Declaration of conflicting interests: The author(s) declared no potential conflicts of interest with respect to the research, authorship, and/or publication of this article.

Figures

Figure 1.
Figure 1.
Shared clinical features of systemic sclerosis and COVD-19. There are shared clinical features between systemic sclerosis and COVID-19, including mixed patterns of parenchymal and vascular lung disease, myocardial abnormalities with inflammation and systemic peripheral vasculopathy as evidenced by lesions of the toes, in this case with perniosis (so-called ‘Covid toe’). All clinical images are from patients with COVID-19.
Figure 2.
Figure 2.
Conceptual framework for aetiopathogenesis of systemic sclerosis and COVID-19: The development of clinical disease depends upon three factors. Susceptibility of the individual, the appropriate environmental trigger or series of triggers that lead to disease and random chance that determines whether the trigger meets the host at an appropriate time to cause disease. (a) For COVID-19 clearly the trigger is SARS-CoV-2 the trigger, but a multitude of host factors determine the timing, dose, and pattern of exposure. Host factors are highly likely to be the major determinant of disease phenotype and clinical outcome. (b) Analogy can be drawn with a complex chronic disease like systemic sclerosis.
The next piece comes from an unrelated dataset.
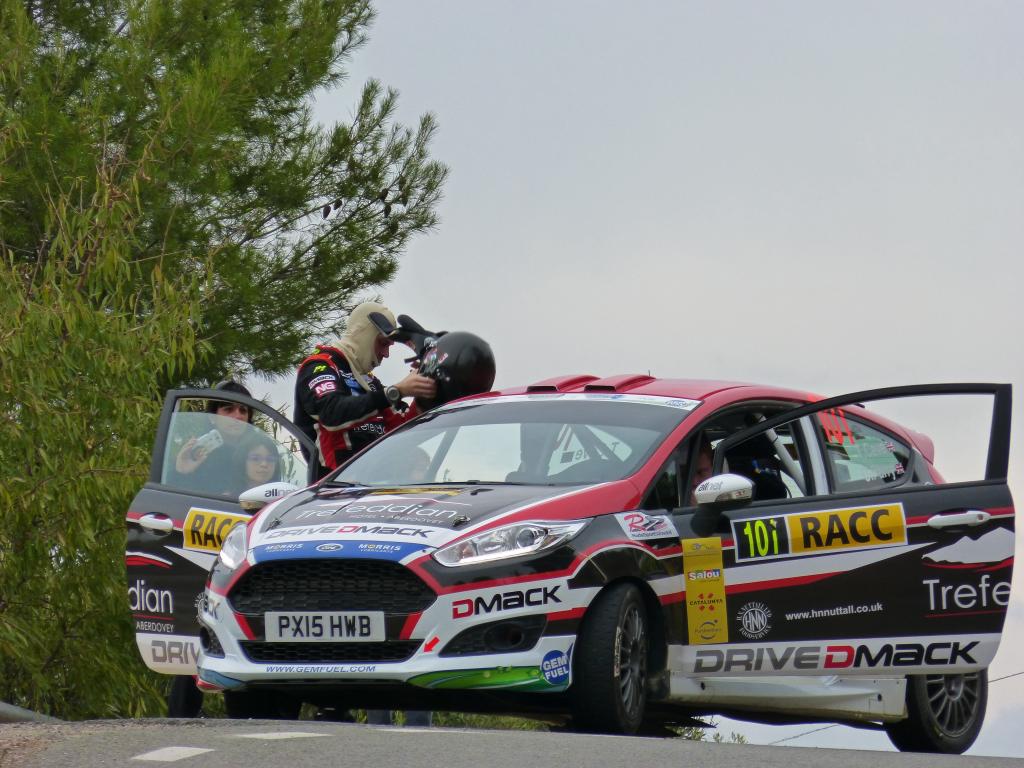 材料を入力します カタルーニャのラリーは 私は泣く Wrc フォードフォーカス 高精細画像作られたお市ゃを壁紙をバラ 壁紙 材料を入力します カタルーニャのラリーは 私は泣く Wrc フォードフォーカス 高精細画像作られたお市ゃを壁紙をバラ 壁紙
Here multiple triggers over time are likely to be required and lead to progression from pre-disease state to established diagnosis. Host factors are also likely to be major determinants of disease phenotype, severity, and outcome. It is possible that immunogenomic factors determining susceptibility to tissue damage and poor outcome are shared between the autoimmune landscape of SSc and the virally triggered immuno-inflammation of COVID-19.